I recently learned about reductions of Turing machines (here after TM), and here is a solution to a problem using reduction (showing L is undecidable, as defined bellow). I have given the reduction, correctness proof and my understanding of it. I'm fairly certain it is correct, but I have found multiple times that with problems in Theory of Computation it is easy to misunderstand things. So I would greatly appreciate anyone's feedback!. (If this question is not suitable here please let me know where I should post!)
Suppose I want to reduce Htm to L, where Htm = { M, w | M halts on w} and L = { M | M is a TM, and M halts on all inputs of length at most 2016}
I then then define
f = on input (w, M), where w is a string, and M a TM
Construct the following TM, X
X =" on input y
1. Simulate M on w 2. if (the simulation accepts or rejects) acceptreturn X
Correctness is proved as follows: if (w, M) is in Htm, then X is in L, since in line 2 of X it will accept all strings. if (w, M) is not in Htm, then X will simply sloop, and thus will never halt which implies X is not in L.
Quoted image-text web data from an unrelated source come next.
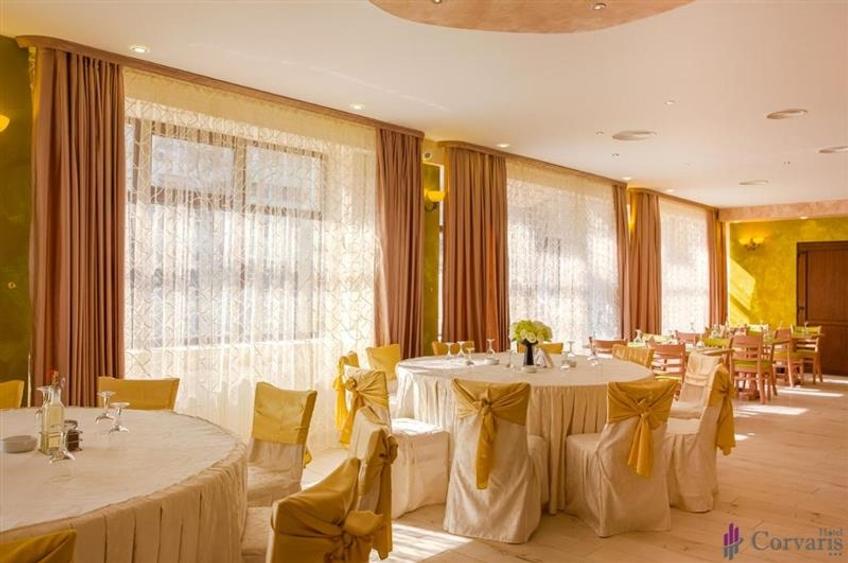Hotel Corvaris - de vanzare - oportunitate - 5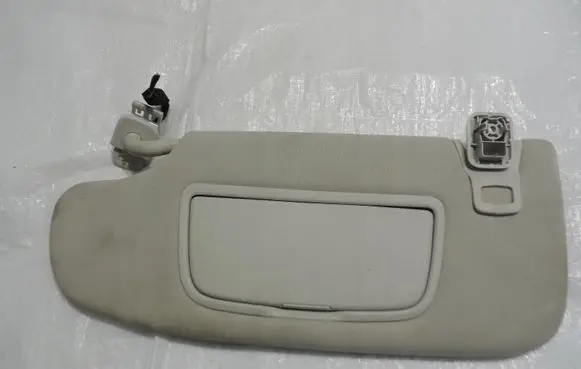 Ford S-MAX Dashboard trim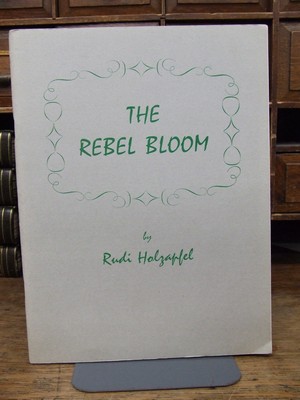 Seller image for The Rebel Bloom for sale by Kennys Bookshop and Art Galleries Ltd.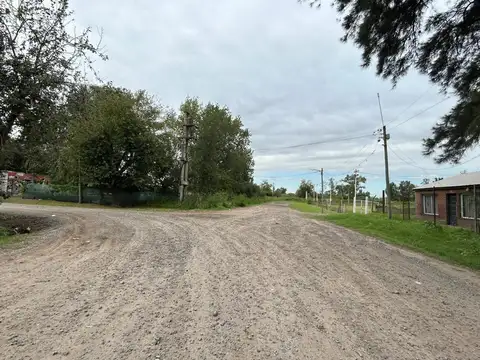 Terreno en Venta en Campana, USD 900.000
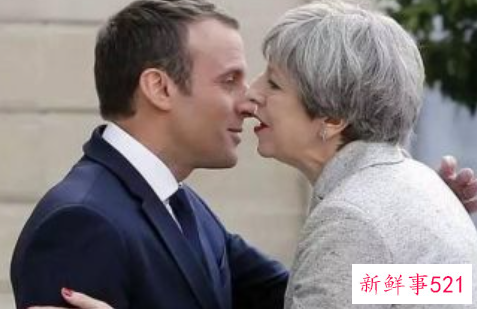 见面的礼仪有哪些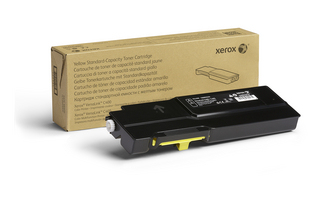 Image of Xerox 106R03509 toner cartridge 1 pc(s) Original Yellow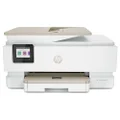 HP ENVY Inspire 7920e All-in-One Color Printer, for Work, Study, Office and Business with Print, Scan and Copy (242Q2D)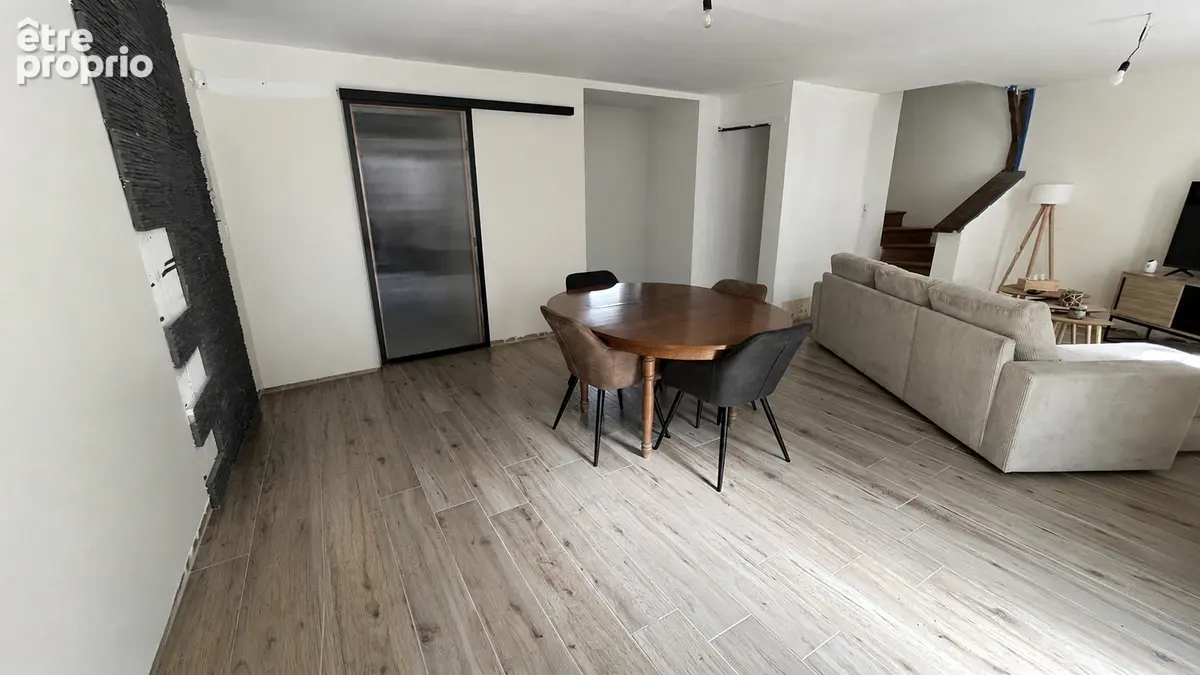Maison Saint Aubin du Pavoil - photo 3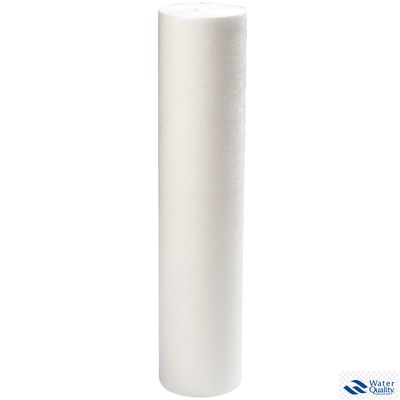 МЕХАНИЧЕСКИЙ КАРТРИДЖ RAIFIL ИЗ ПОЛИПРОПИЛЕНА для Big Blue SC-20-BP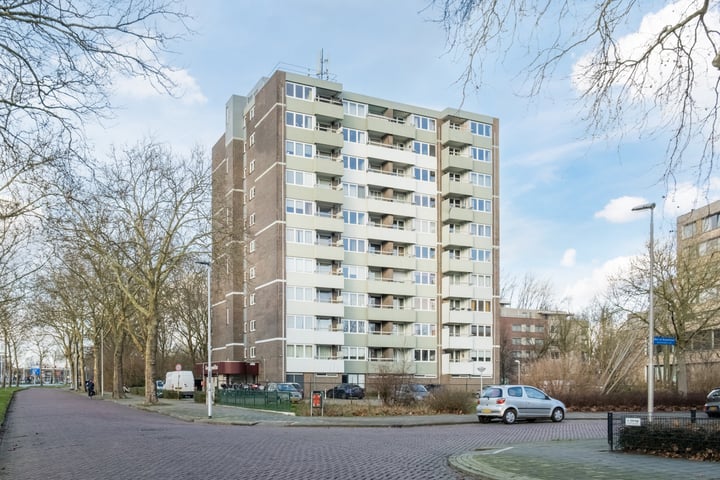 Limburglaan 171 in Eindhoven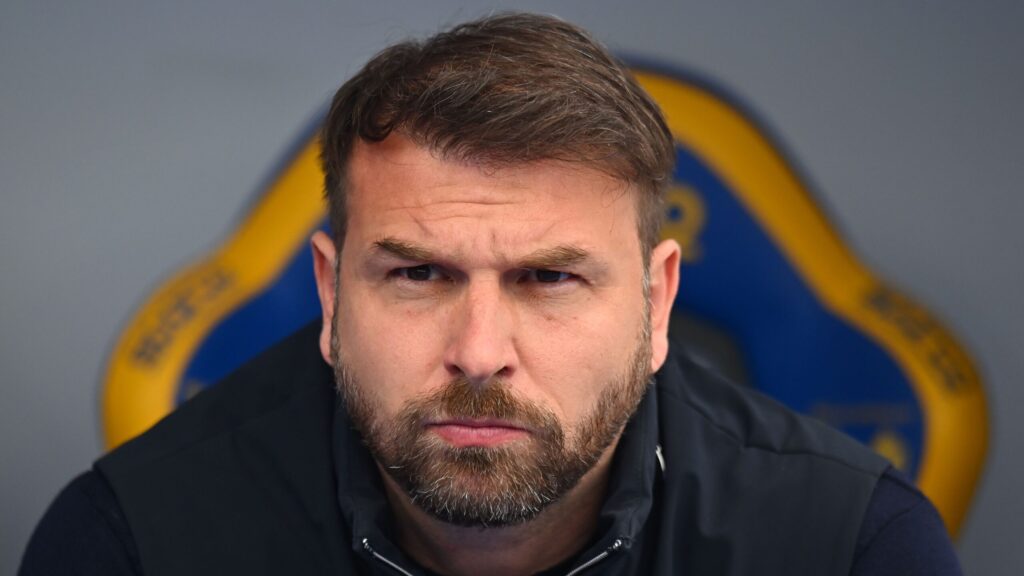 Verona v Bologna - Serie A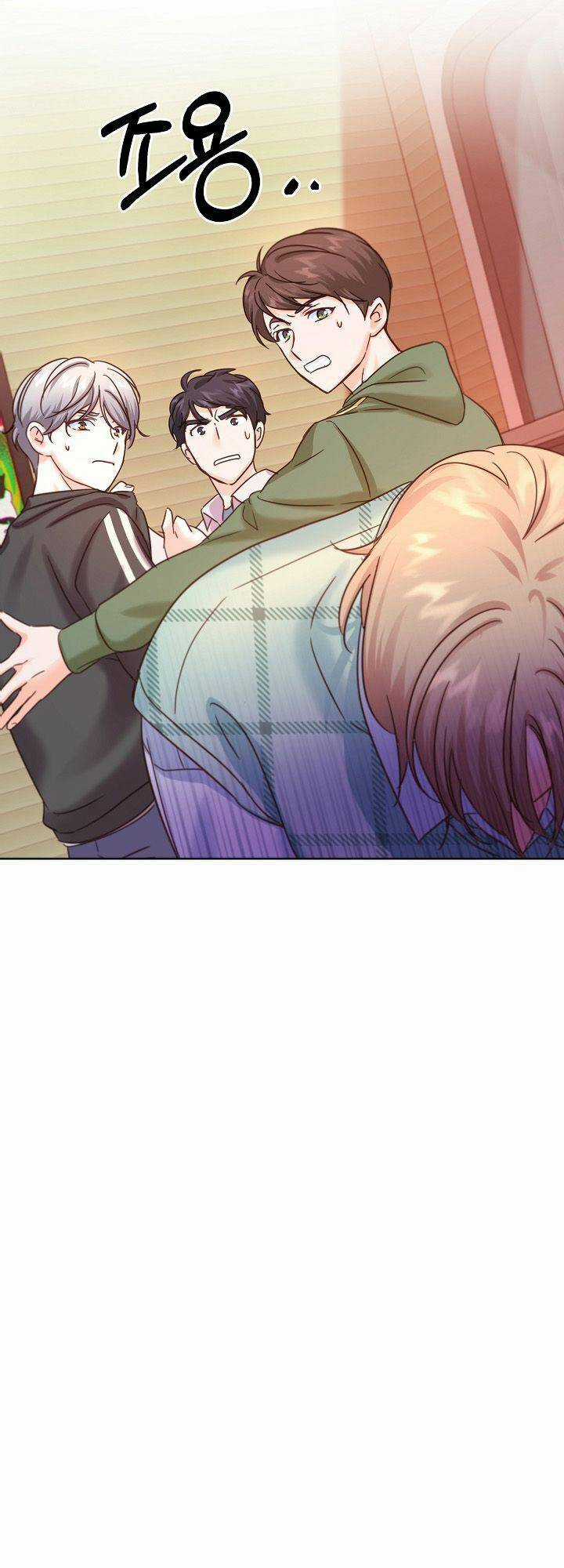 Trở Lại Làm Idol - Chapter 48 - Trang 36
If I understood correctly, when performing a reduction, you essentially use the input, in this case (w, M) and then transform it. So in this case, X is define in such a way that if its simulation halts (i.e. it accepts or rejects) it will halt (by accepting) but if the simulation of M on w does not halt, then X will never reach line 2, so essentially it will not halt for any inputs. In particular, it will not halt on any inputs of length of at most 2016.